Countries and businesses are now looking closely at building resilience against uncertainty. Only the agile, nimble and resilient would survive.
Enter: Global Capability Centres. In the context of Trump’s tariffs and consequent risk of loss of export to the US, Global Capability Centres (GCCs) can play a significant role in helping businesses build resilience against the impact of tariffs and other global disruptions.
While tariffs may not directly target the services provided by GCCs, these centers can be leveraged as strategic hubs to mitigate the resulting economic uncertainty and operational challenges.
Here's how GCCs can help build resilience against tariffs:
Supply Chain Optimization and Visibility: GCCs can act as "control towers" for the entire supply chain. By consolidating logistics, trade compliance, demand planning, and supply chain intelligence into a single command center, they provide real-time visibility into the movement of goods, inventory levels, and demand signals across different markets. This allows companies to quickly assess the financial impact of new tariffs, identify alternative sourcing options from low-tariff regions, and pivot their strategies to avoid disruptions.
Data Analytics and Predictive Modeling: Modern GCCs are no longer just for back-office support; they are centers of advanced analytics and AI. They can leverage machine learning and AI to create adaptive demand models that automatically adjust to market fluctuations and external signals like tariff changes. This enables more accurate forecasting and proactive risk mitigation.
Centralized Compliance and Legal Expertise: Tariffs create a complex web of legal and regulatory considerations. GCCs can centralize legal, risk and compliance functions, ensuring that the organization stays on top of evolving regulations, data protection rules, and tax incentives in different jurisdictions. This centralized oversight helps in navigating the complexities of international trade and ensuring compliance.
Driving Innovation and Technology: By serving as innovation hubs, GCCs can help companies develop technology-led efficiencies. This includes leveraging automation and AI to accelerate service delivery, reduce operational costs and improve overall agility. This focus on technology can help offset the increased costs that tariffs may impose.

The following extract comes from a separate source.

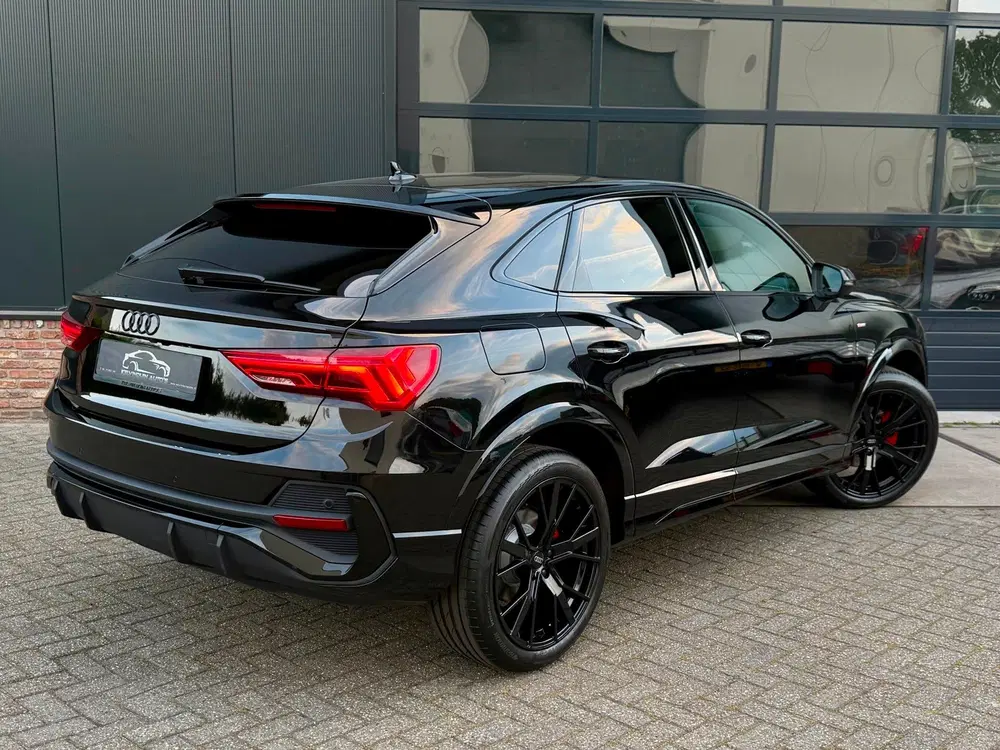Audi Q3 35 TFSI S-Line 150 pk Blackstyle uit 2024, foto 6
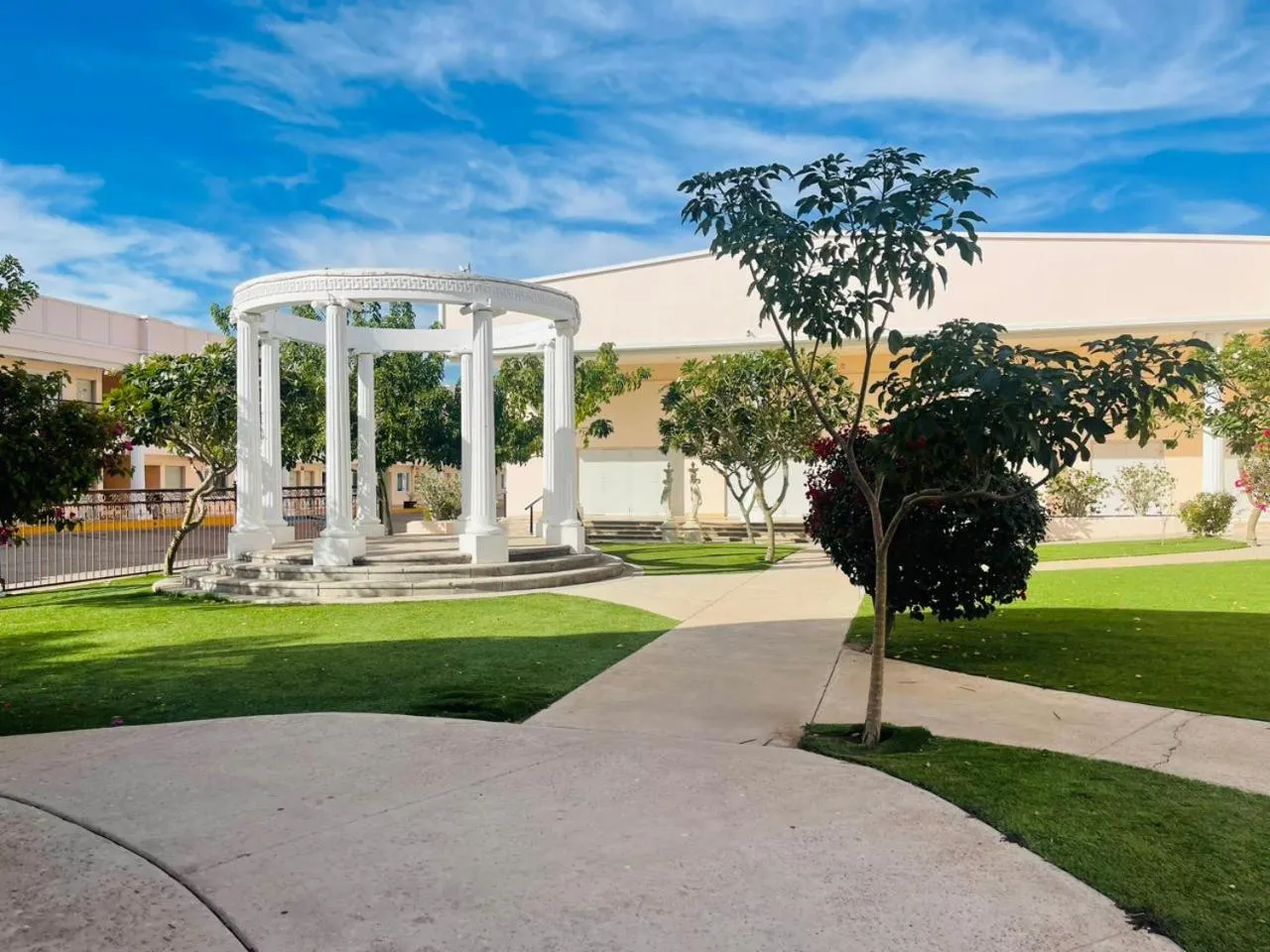 Garden view in Hotel Santorian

Risk Diversification: Establishing GCCs in different geographic locations helps businesses diversify their operational risk. By distributing core capabilities across multiple countries, companies can reduce their dependence on a single location, making them less vulnerable to disruptions from geopolitical events or tariffs targeting a specific region.
Strategic Sourcing and Procurement: GCCs can play a vital role in procurement by identifying and managing relationships with suppliers in different countries. They can help companies explore trade agreements, utilize foreign trade zones, and implement "tariff engineering" strategies, which involve redesigning products or their components to fall under a lower tariff classification.